Interview with Karen Gunnell community pharmacist and Teaching Fellow in Pharmacy Practice

Karen is a community pharmacist and Teaching Fellow in Pharmacy Practice at Keele University and the school’s Career Development lead.

What made you realise that you wanted to become a pharmacist?

My local community pharmacist made such a difference to the area. I was offered a Saturday job with him when I was 14 and I got to see how a great pharmacist operates.

How did you get to where you are today?

After completing my pre-reg year I continued working as a community pharmacist, completed a clinical diploma and developed my passion for care services and training. My next role as a Teacher Practitioner was something I had wanted to do for many years. I developed my teaching skills by lecturing and delivering workshops. For a few years I had two part-time jobs: one as a Teacher Practitioner and one at Boots head office, designing and producing eLearning for care homes on medicines management and clinical topics. I now work full time as a Teaching Fellow at Keele University, teaching undergraduate pharmacy practice and clinical therapeutics and also teaching on postgraduate courses. 

What challenges have you faced so far in your career and how did you overcome them?

When I first started as a teacher I worried that I wouldn’t have enough clinical knowledge to teach therapeutics. However, despite having only ever worked in community, I have always seen myself as a clinical pharmacist. I just needed to believe in my own knowledge.

In your opinion, what are the biggest challenges facing the profession today?

Funding in healthcare is a massive challenge for all sectors. It will require innovative and collaborative thinking as well as strong leadership from our profession to ensure that pharmacists can make a difference.

How are you involved in UKCPA?

I have been a member of UKCPA for three years and I sit on the committees of the Education & Training Group and the Community Group.

What does UKCPA mean to you as a practitioner?

I get to meet and share ideas with others. It provides me with useful networking opportunities which help me with my own development and in my job.

Who inspires you?

My line manager, Dr Katie Maddock. I have known her since being an undergraduate and her fantastic clinical knowledge as well as the innovative methods of teaching she uses are truly inspiring.

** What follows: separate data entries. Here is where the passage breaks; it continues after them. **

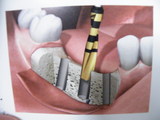DSCF1477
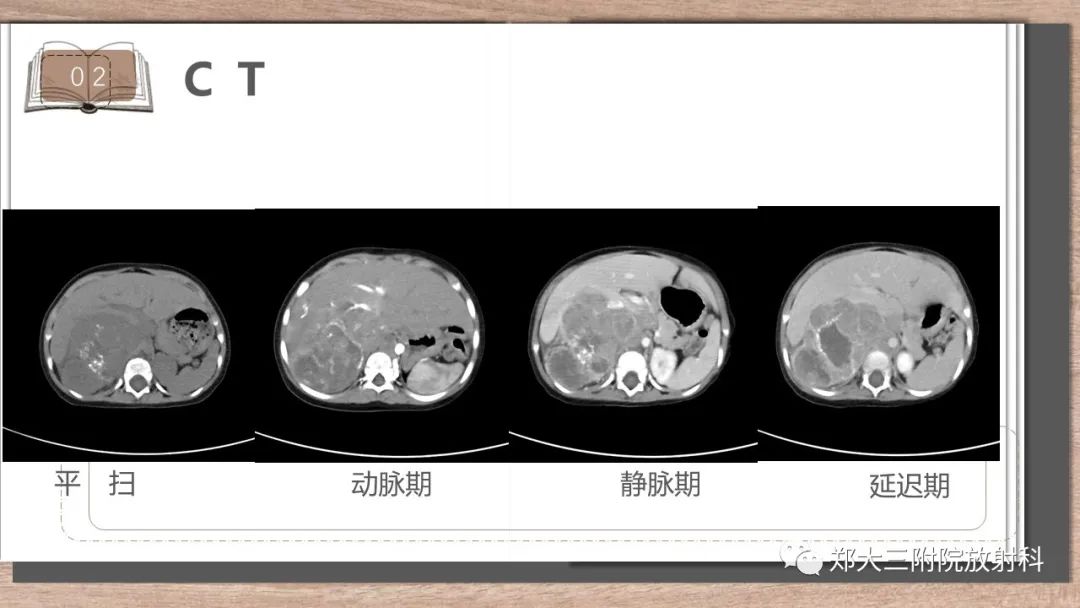 影像PPT - 【病例】神经母细胞瘤1例CT影像鉴别诊断-3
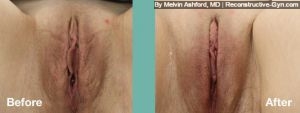 Labiaplasty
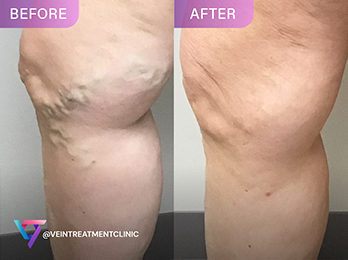 Dr. Shair Varicose Veins Before After Photo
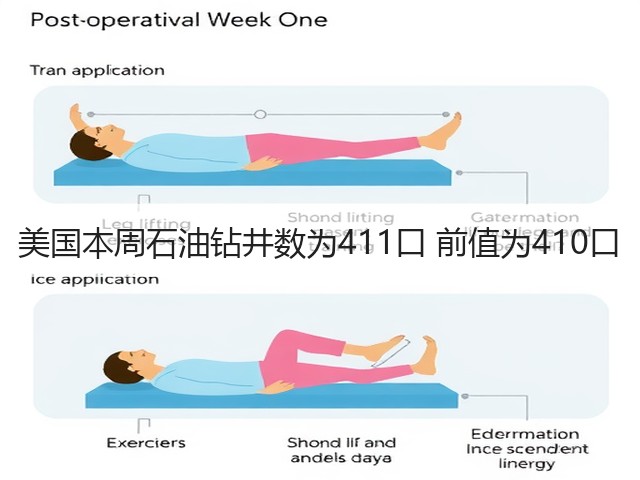 美国本周石油钻井数为411口 前值为410口(图1)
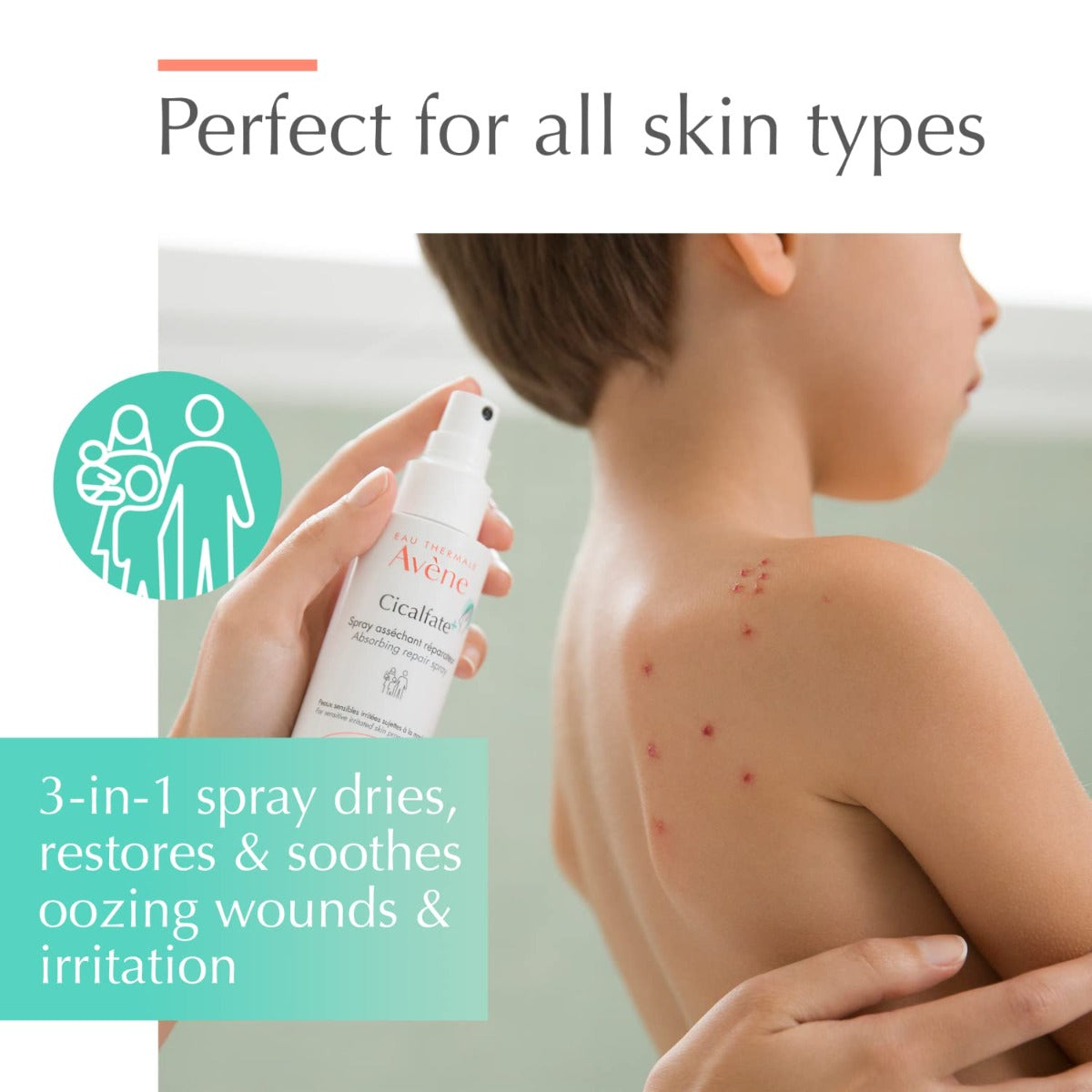 Child with skin irritation using A bottle of Avene Cicalfate+ Soothing Spray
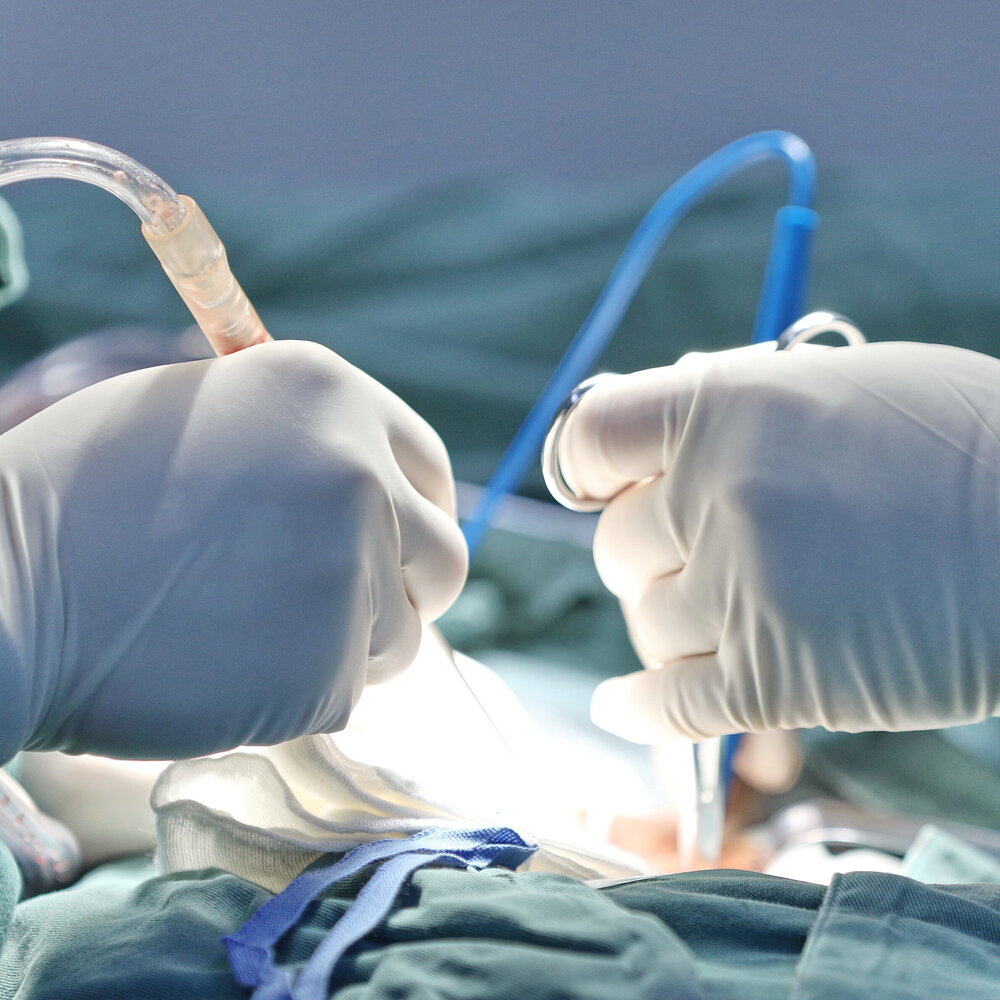Bimba di 6 mesi salvata con trapianto di fegato della mamma e autotrapianto di vena giugulare a Torino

If you were trying to persuade a young student to enter the world of clinical pharmacy, what would you say?

Don’t just think that clinical pharmacy only happens in hospitals. The expanding role of pharmacists means that clinical skills are needed in all sectors.

Tell us something people don’t know about you.

I am descended from Henry VIII’s wife, Catherine Parr, and I make a lovely lemon drizzle cake!